Beginning with the line that holds "Miu Miu semi-rimless" in the data below, give again every line through the one that holds "اتاق استاندارد, Kleinschalig", exactly as written.

·····

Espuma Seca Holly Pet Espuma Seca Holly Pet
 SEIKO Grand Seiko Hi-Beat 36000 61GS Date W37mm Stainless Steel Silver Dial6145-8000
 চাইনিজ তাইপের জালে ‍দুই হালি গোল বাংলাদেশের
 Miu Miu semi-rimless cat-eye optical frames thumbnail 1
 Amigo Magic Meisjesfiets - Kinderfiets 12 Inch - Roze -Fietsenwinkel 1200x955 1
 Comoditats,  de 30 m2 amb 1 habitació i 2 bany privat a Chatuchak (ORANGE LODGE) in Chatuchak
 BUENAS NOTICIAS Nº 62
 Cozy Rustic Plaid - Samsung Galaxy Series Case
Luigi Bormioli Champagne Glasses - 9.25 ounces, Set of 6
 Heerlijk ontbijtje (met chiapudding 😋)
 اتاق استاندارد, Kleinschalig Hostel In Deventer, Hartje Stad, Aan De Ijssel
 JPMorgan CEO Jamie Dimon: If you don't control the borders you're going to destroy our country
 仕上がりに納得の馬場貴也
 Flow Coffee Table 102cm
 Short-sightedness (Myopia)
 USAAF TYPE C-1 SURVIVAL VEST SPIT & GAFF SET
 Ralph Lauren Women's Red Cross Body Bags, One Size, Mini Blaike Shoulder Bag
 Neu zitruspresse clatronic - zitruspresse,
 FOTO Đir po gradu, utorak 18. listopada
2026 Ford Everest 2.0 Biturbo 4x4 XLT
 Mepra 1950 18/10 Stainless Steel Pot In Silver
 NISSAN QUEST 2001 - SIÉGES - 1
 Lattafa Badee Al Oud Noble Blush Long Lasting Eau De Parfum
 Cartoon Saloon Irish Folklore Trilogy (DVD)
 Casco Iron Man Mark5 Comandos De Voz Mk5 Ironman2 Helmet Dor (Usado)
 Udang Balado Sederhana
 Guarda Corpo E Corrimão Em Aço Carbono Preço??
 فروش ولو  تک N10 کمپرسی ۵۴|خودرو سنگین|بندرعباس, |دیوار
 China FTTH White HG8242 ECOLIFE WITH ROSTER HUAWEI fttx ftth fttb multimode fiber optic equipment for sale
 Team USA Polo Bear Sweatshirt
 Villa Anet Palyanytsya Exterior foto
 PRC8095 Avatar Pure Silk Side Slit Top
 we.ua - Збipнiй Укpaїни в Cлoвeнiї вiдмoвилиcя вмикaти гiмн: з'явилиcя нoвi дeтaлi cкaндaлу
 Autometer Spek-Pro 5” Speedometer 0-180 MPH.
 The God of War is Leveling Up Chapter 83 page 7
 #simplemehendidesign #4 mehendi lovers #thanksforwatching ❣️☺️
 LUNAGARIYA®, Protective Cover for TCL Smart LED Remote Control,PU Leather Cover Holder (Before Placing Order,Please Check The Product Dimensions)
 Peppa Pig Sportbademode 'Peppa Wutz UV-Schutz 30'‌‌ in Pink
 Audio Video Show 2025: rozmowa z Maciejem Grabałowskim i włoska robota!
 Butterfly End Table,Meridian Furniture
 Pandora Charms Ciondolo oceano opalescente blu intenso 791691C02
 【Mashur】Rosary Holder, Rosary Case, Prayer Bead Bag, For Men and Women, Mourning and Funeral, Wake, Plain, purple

·····

• Finished exercise:
 Miu Miu semi-rimless cat-eye optical frames thumbnail 1
 Amigo Magic Meisjesfiets - Kinderfiets 12 Inch - Roze -Fietsenwinkel 1200x955 1
 Comoditats,  de 30 m2 amb 1 habitació i 2 bany privat a Chatuchak (ORANGE LODGE) in Chatuchak
 BUENAS NOTICIAS Nº 62
 Cozy Rustic Plaid - Samsung Galaxy Series Case
Luigi Bormioli Champagne Glasses - 9.25 ounces, Set of 6
 Heerlijk ontbijtje (met chiapudding 😋)
 اتاق استاندارد, Kleinschalig Hostel In Deventer, Hartje Stad, Aan De Ijssel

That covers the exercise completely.